Our data show that NLP-based models are highly accurate at capturing data from consultation transcripts across a variety of key concepts for SDM. Furthermore, sentences with a higher NLP-based probability for content relevance consistently contained the highest quality information on each concept and therefore accurately reflected the quality score of risk communication across the entire consultation. For example, a sentence with a higher NLP-based probability is more likely to report the incidence and time course of a side effect rather than just its name. Consequently, the quality score of a consultation was effectively determined by the top ranked sentences identified by the NLP model across all concepts. We conducted a sensitivity analysis to identify the optimal number of NLP-identified sentences to analyze to maximize accuracy in grading quality of risk communication at the consultation level.
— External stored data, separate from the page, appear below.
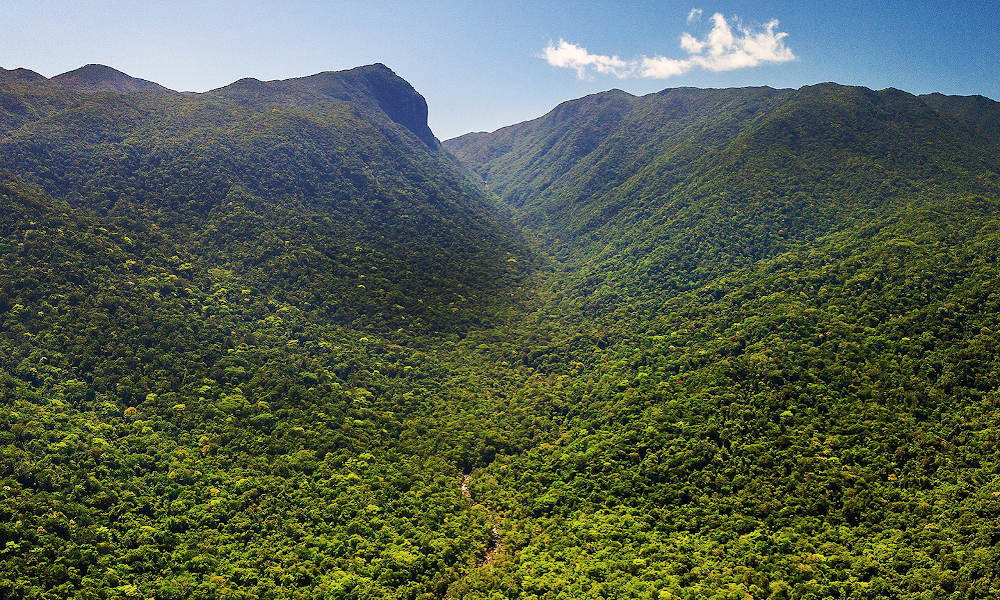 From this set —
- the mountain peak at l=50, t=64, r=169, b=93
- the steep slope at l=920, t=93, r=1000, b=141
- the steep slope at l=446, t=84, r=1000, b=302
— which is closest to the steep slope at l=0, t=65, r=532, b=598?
the steep slope at l=446, t=84, r=1000, b=302

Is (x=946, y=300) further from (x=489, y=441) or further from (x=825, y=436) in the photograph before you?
(x=489, y=441)

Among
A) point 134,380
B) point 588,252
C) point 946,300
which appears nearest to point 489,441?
point 134,380

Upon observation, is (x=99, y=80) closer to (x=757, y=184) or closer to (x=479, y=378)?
(x=479, y=378)

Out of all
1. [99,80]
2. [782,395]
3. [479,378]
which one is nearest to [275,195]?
[479,378]

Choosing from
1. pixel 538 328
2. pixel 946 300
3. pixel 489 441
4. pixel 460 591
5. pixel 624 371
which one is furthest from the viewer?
pixel 538 328

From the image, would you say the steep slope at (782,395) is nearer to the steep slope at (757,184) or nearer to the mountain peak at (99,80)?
the steep slope at (757,184)
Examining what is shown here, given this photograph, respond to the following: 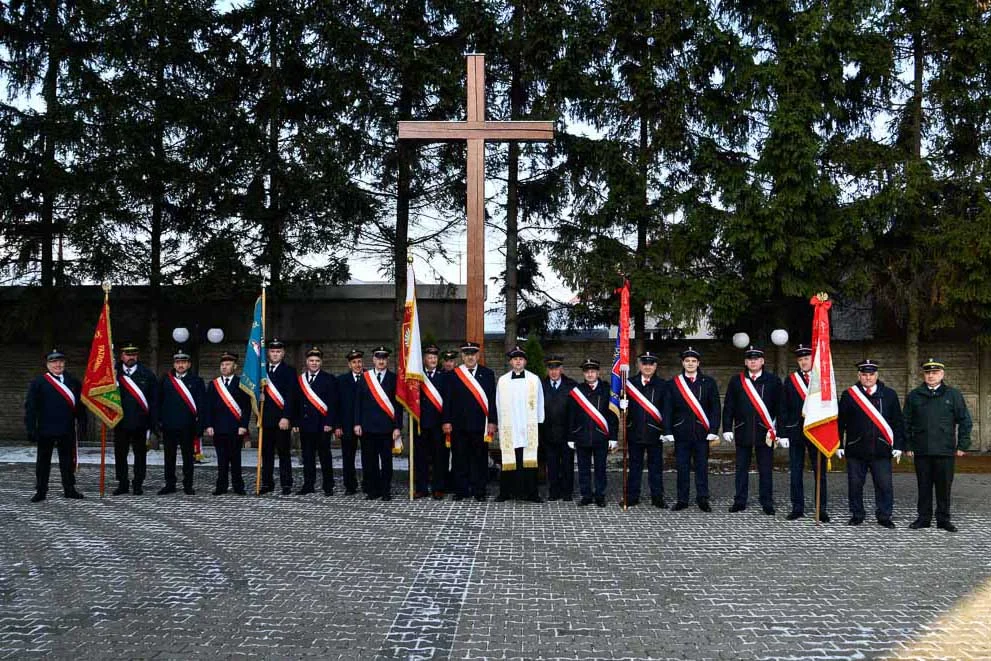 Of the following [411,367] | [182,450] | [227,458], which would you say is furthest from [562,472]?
[182,450]

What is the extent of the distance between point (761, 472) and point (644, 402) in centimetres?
157

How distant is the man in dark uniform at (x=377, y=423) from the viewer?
933 centimetres

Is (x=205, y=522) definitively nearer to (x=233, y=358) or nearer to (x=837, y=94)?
(x=233, y=358)

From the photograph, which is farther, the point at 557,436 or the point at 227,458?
the point at 227,458

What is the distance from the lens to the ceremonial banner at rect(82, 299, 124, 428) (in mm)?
9445

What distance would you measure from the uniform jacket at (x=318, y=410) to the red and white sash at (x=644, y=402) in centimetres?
379

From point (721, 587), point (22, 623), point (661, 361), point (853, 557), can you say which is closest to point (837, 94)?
point (661, 361)

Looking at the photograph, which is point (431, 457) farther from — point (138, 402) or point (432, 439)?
point (138, 402)

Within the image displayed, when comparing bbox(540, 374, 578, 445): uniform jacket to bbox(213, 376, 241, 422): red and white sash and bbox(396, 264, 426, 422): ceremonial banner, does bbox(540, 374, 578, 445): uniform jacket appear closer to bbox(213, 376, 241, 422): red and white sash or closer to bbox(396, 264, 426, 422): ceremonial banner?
bbox(396, 264, 426, 422): ceremonial banner

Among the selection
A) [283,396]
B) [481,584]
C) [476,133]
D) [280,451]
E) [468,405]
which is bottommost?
[481,584]

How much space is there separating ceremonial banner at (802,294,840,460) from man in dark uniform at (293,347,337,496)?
19.0 feet

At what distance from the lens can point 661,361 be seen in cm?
1603

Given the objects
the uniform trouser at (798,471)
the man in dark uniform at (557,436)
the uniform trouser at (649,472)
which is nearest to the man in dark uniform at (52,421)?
the man in dark uniform at (557,436)

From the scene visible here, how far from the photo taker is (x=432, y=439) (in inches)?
373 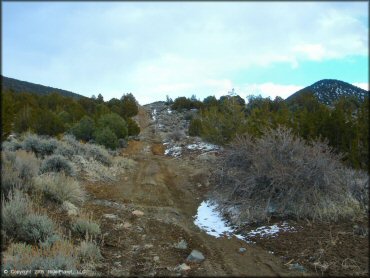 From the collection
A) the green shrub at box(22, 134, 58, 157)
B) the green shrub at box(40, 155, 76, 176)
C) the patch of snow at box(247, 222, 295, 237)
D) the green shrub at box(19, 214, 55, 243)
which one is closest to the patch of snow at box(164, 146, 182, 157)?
the green shrub at box(22, 134, 58, 157)

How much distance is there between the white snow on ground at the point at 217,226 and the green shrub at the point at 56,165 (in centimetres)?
434

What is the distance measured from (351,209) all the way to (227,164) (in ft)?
12.1

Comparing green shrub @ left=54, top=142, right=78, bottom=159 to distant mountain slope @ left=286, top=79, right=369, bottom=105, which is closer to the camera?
green shrub @ left=54, top=142, right=78, bottom=159

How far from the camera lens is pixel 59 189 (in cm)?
885

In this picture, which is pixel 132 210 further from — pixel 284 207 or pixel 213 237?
pixel 284 207

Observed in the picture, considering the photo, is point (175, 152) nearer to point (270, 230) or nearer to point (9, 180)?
point (9, 180)

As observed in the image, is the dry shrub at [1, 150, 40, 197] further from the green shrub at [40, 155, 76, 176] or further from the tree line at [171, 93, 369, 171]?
the tree line at [171, 93, 369, 171]

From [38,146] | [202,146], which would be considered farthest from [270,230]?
[202,146]

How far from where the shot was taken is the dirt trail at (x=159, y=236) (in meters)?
5.59

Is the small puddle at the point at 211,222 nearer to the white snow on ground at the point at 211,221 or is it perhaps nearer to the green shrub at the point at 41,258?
the white snow on ground at the point at 211,221

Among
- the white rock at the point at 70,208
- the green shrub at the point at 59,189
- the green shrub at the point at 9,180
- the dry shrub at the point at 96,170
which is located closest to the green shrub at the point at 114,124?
the dry shrub at the point at 96,170

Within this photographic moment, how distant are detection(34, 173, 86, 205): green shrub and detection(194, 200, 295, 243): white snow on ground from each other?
3037 mm

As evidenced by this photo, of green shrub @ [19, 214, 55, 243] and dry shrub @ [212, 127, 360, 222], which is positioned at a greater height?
dry shrub @ [212, 127, 360, 222]

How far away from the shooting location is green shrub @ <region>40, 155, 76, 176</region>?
11.3 metres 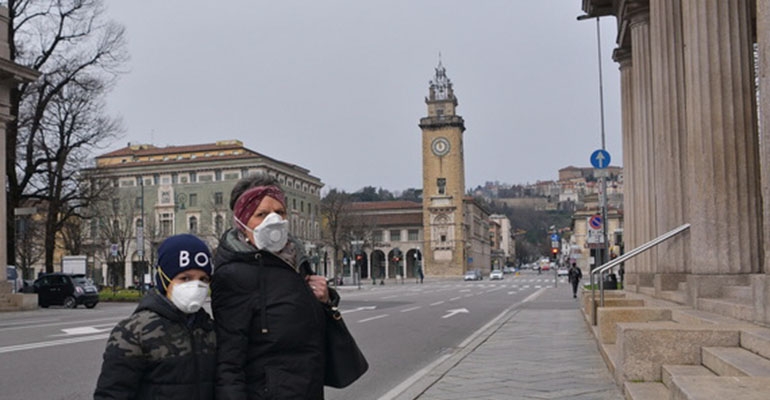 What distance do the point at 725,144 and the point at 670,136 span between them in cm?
418

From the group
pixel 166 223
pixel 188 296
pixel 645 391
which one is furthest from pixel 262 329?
pixel 166 223

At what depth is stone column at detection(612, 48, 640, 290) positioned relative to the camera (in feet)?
64.7

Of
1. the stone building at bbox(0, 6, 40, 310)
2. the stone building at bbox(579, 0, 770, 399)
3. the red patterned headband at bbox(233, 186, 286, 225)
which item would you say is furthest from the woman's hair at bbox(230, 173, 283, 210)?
the stone building at bbox(0, 6, 40, 310)

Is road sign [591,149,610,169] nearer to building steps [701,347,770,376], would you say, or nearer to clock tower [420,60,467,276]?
building steps [701,347,770,376]

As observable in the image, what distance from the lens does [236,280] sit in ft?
10.7

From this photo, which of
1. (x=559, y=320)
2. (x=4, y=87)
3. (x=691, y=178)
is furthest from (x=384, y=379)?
(x=4, y=87)

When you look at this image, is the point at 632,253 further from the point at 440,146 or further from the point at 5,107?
the point at 440,146

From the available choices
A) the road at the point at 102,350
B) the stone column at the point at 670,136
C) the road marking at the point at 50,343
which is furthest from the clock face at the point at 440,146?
the stone column at the point at 670,136

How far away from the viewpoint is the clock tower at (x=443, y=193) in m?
123

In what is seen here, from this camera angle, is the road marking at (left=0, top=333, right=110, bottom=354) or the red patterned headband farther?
the road marking at (left=0, top=333, right=110, bottom=354)

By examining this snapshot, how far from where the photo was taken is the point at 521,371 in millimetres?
10695

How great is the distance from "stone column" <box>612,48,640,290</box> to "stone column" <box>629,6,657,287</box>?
1.67m

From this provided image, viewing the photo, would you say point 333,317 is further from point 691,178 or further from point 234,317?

While higher accuracy could be achieved by manually coding more sentences, the improvement was minimal after certain points. While we selected 10 sentences as the optimal cutoff to balance prediction accuracy and manual coding feasibility, this threshold might need adjustment when applied to different datasets or concepts.
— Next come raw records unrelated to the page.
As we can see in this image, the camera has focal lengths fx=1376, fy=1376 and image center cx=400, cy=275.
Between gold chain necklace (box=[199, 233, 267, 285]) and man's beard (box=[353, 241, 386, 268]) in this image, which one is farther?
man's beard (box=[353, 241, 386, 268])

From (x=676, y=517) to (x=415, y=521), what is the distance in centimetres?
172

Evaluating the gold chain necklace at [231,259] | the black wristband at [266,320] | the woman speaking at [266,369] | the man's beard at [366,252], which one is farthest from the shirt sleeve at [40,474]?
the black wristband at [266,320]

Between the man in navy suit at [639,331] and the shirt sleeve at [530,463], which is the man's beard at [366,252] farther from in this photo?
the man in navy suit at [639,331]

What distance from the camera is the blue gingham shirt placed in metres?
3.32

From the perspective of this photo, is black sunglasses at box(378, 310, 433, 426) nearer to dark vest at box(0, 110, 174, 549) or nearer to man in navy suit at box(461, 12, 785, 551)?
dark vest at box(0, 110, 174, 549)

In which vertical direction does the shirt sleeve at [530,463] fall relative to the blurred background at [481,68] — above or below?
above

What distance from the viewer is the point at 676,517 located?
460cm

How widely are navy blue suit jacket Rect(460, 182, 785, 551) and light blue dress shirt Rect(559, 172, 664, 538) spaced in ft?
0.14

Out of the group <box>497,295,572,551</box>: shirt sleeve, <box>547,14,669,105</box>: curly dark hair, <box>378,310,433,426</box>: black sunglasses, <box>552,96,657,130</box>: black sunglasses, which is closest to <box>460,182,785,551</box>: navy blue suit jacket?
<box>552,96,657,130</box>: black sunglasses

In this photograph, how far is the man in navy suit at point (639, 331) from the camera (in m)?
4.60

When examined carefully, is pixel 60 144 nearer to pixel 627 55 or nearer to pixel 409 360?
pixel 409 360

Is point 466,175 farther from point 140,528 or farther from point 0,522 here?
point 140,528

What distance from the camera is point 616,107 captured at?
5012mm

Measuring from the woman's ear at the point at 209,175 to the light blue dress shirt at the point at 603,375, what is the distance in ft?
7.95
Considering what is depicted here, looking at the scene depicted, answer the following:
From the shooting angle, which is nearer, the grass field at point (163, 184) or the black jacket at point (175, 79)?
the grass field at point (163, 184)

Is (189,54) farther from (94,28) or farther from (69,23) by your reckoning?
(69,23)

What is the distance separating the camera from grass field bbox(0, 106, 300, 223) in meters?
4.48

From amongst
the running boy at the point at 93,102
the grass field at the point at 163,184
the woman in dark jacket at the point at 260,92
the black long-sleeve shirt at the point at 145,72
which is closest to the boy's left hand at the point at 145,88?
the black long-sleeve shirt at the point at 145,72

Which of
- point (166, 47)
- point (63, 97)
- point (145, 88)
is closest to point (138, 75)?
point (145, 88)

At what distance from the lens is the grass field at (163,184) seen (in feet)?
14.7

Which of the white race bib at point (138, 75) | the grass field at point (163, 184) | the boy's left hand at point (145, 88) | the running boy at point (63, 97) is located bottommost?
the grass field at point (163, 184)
Our study does have limitations to consider. First, the NLP-based quality evaluation process was not fully automated, as manual coding is still required to determine the quality of risk communication in the top 10 sentences. Nonetheless, this approach drastically reduces the time and effort compared to manual coding of entire consultations, which typically contain about 500 sentences and would take hours to accurately analyze. Second, our relatively small sample size limits our ability to capture less frequently mentioned side effects (e.g. post-radiotherapy secondary malignancy). Third, NLP models have not been trained to discern differences in risks of side effects for different treatment options (e.g., risk of ED after radical prostatectomy vs. after radiation therapy), though sentence context most often reveals the treatment being discussed. Fourth, while we attempted to recruit a maximum variation sample across multiple medical disciplines and providers, it is possible that our models will be specific to the language typically used by our providers. However, given the excellent face validity of the common word roots used in NLP models, we feel that this is unlikely. We plan to externally validate our models in a broader set of providers in the future. Finally, although automatic speech recognition (ASR) programs could facilitate audio transcription, we utilized a professional transcription service for our NLP models due to the suboptimal accuracy of ASR in clinical contexts [30]. As ASR programs improve, their application to real-time transcription of clinical encounters has potential to facilitate auditing of communication quality.

Conclusions

NLP models are capable of highly accurate, automated capture of high-yield information on key concepts and precise grading of quality score in risk communication in PC consultations. This technology provides the foundation for providing a summary of key information to patients to improve retention and understanding, which is crucial since PC decision making requires careful consideration of risks and benefits of treatment options. NLP technology also provides the foundation for reporting consultation quality back to physicians after the treatment consultation to improve risk communication, which is an area of need based on our previous work. While demonstrated here for PC, this technology has disruptive potential for improvement of physician communication across all diseases that require complex considerations of risks and rewards of therapy.